→ **ASSIGNMENT**
Take the lines in the listing below from the line with "Aspinal Of London" up to and including the line with "CROSS Men Casual" and set them down exactly, skipping pictures and adding nothing.

→ **EXERCISE MATERIAL**
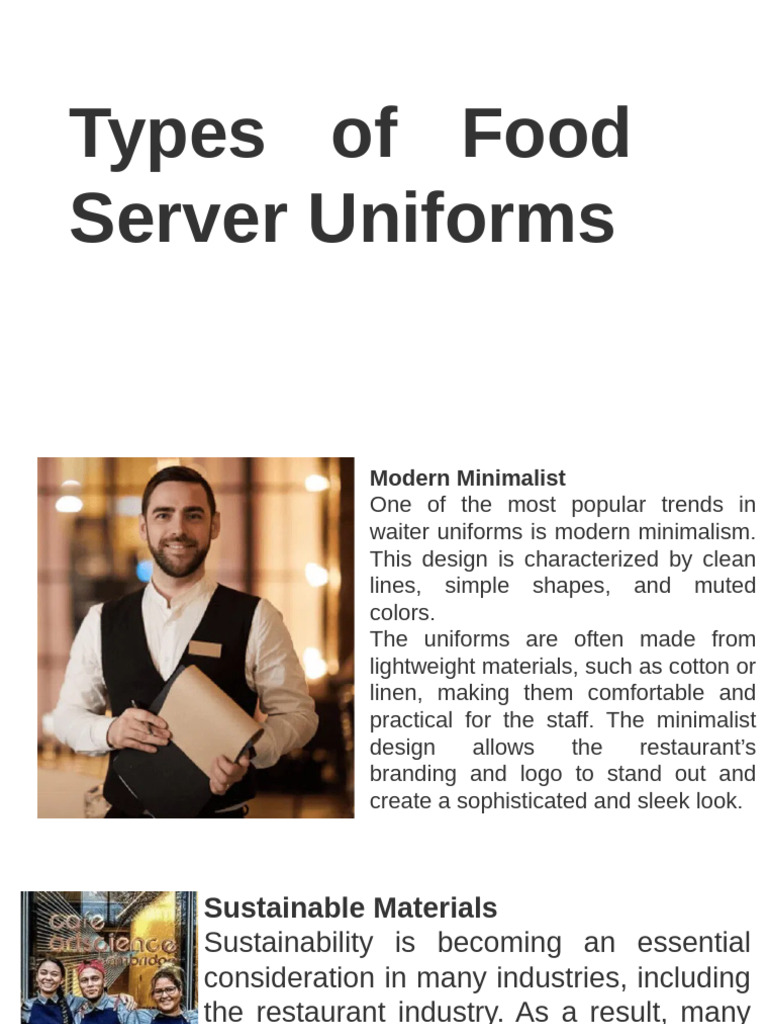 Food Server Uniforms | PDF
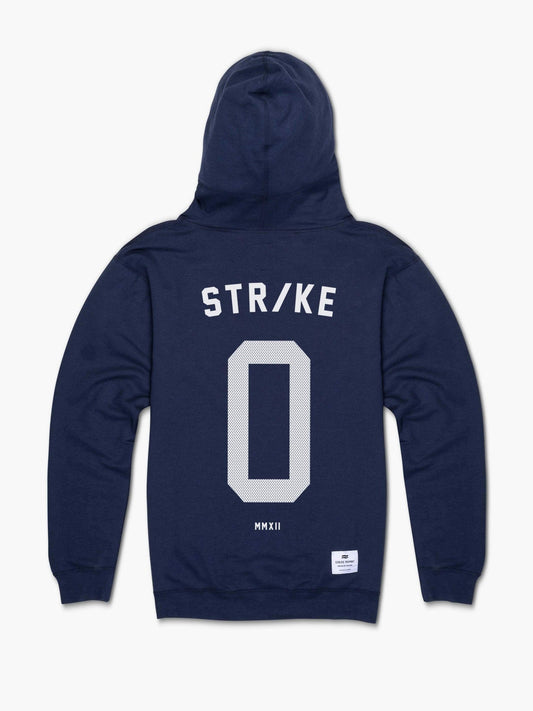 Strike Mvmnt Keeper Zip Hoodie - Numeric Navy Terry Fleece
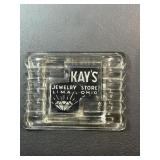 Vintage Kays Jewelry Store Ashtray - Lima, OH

...

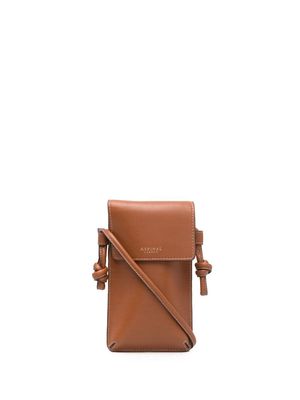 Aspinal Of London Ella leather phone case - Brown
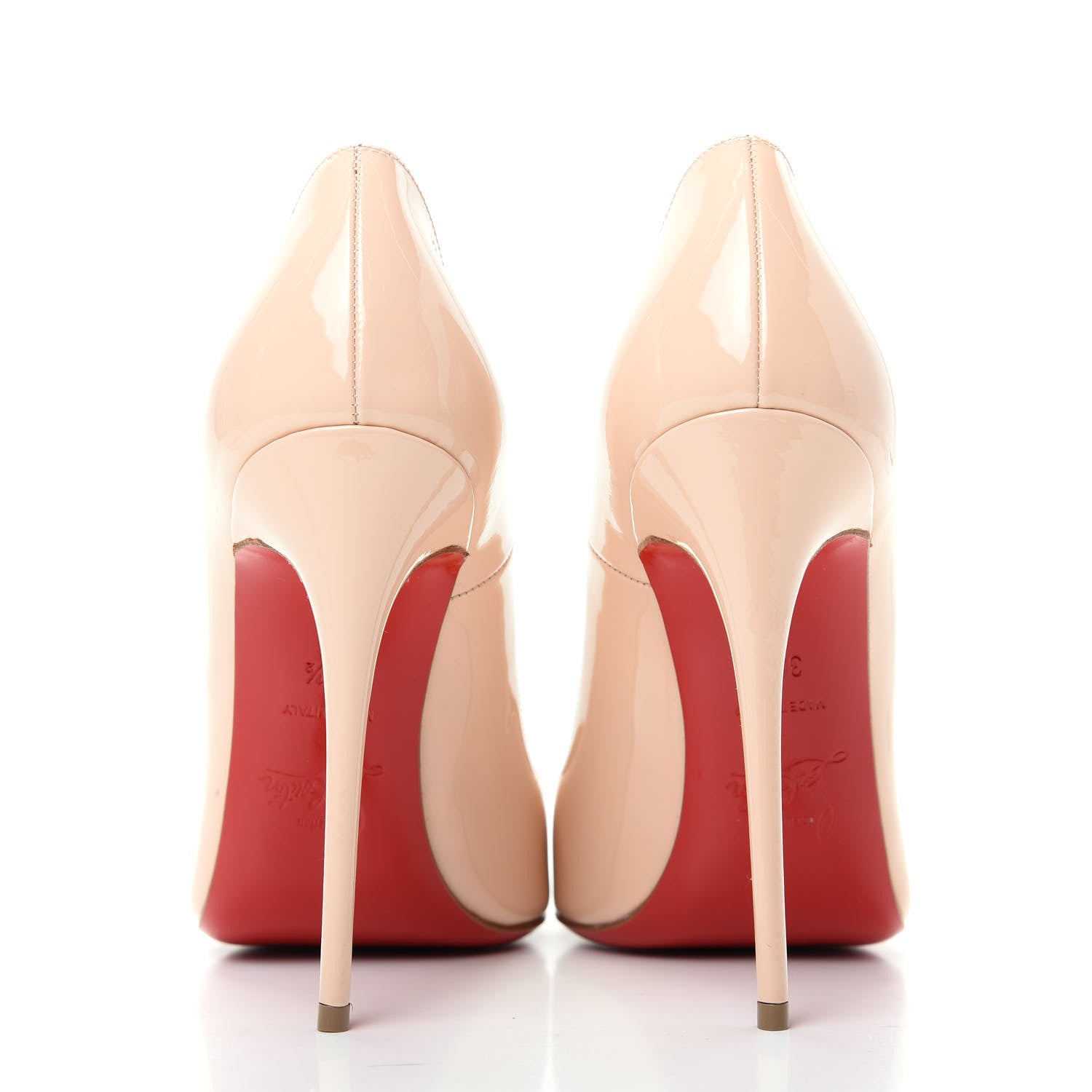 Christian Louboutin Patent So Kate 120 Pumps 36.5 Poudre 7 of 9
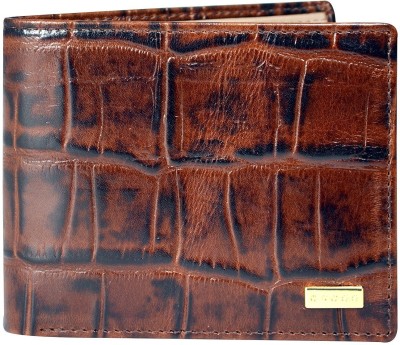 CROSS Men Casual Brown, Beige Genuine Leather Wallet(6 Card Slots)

* * *

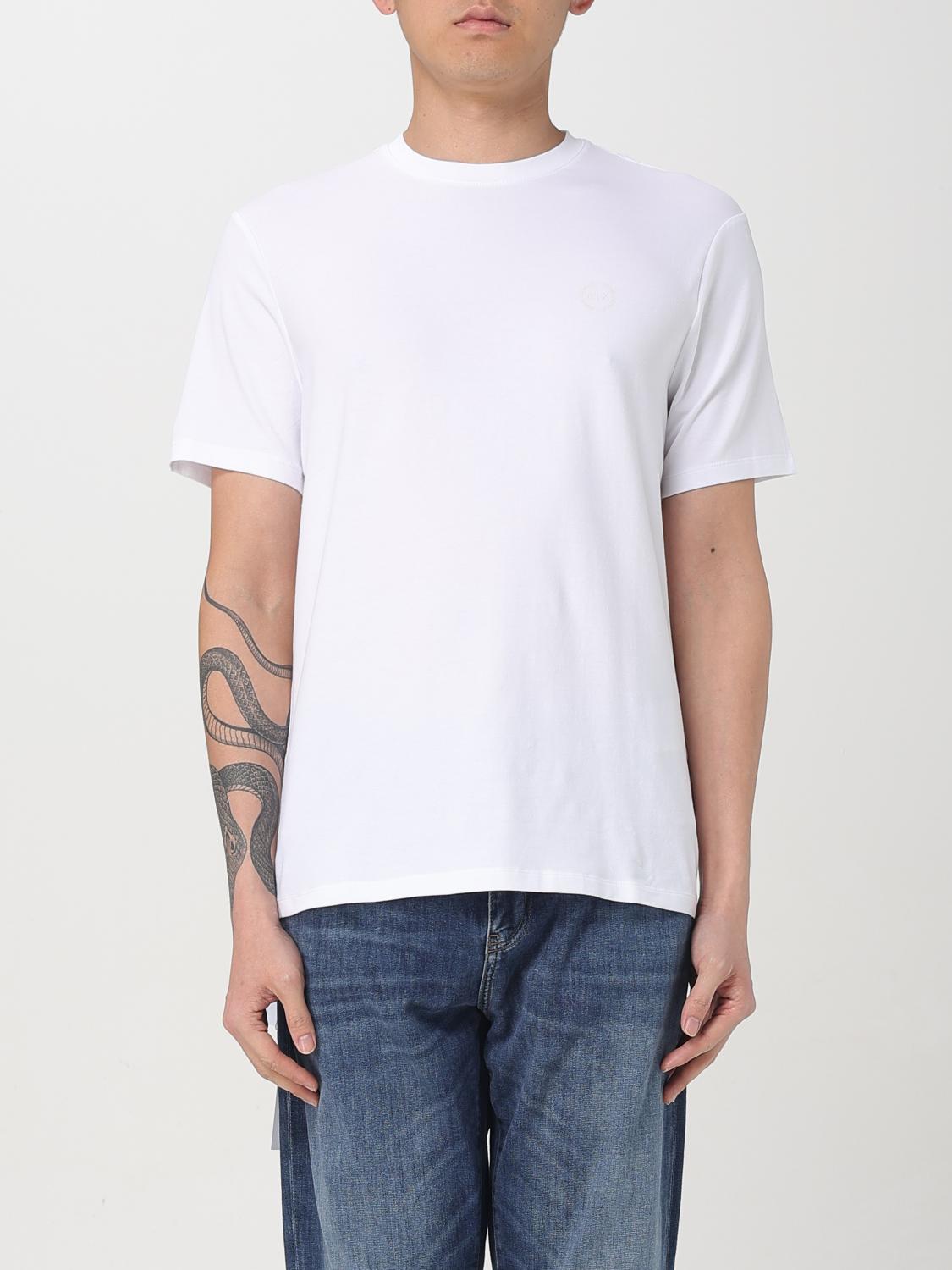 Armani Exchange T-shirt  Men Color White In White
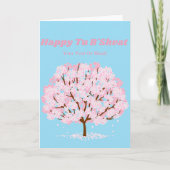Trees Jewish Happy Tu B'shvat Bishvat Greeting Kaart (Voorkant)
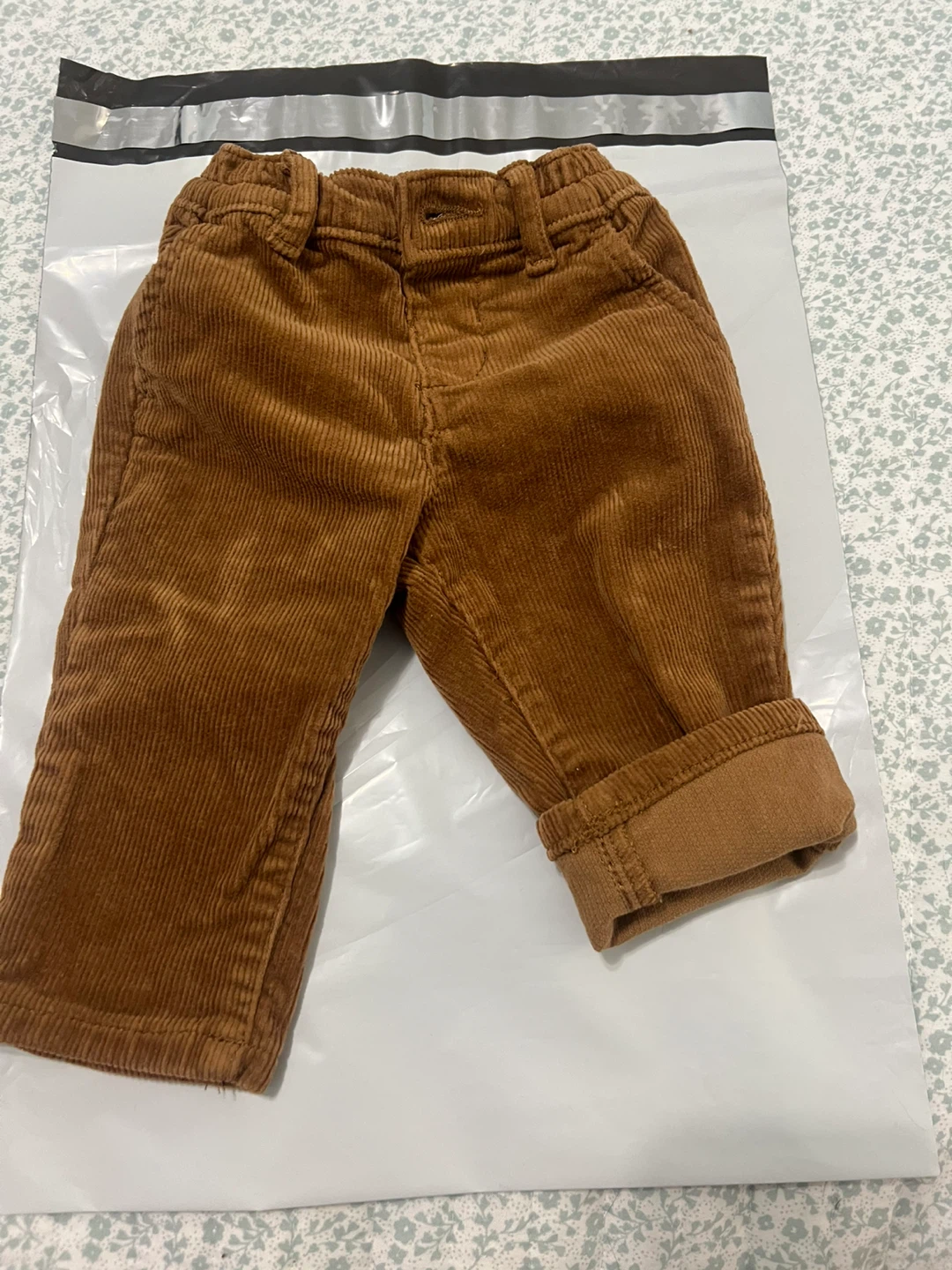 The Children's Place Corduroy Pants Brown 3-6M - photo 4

→ **ANSWER TO THIS TASK**
 Aspinal Of London Ella leather phone case - Brown
 Christian Louboutin Patent So Kate 120 Pumps 36.5 Poudre 7 of 9
 CROSS Men Casual Brown, Beige Genuine Leather Wallet(6 Card Slots)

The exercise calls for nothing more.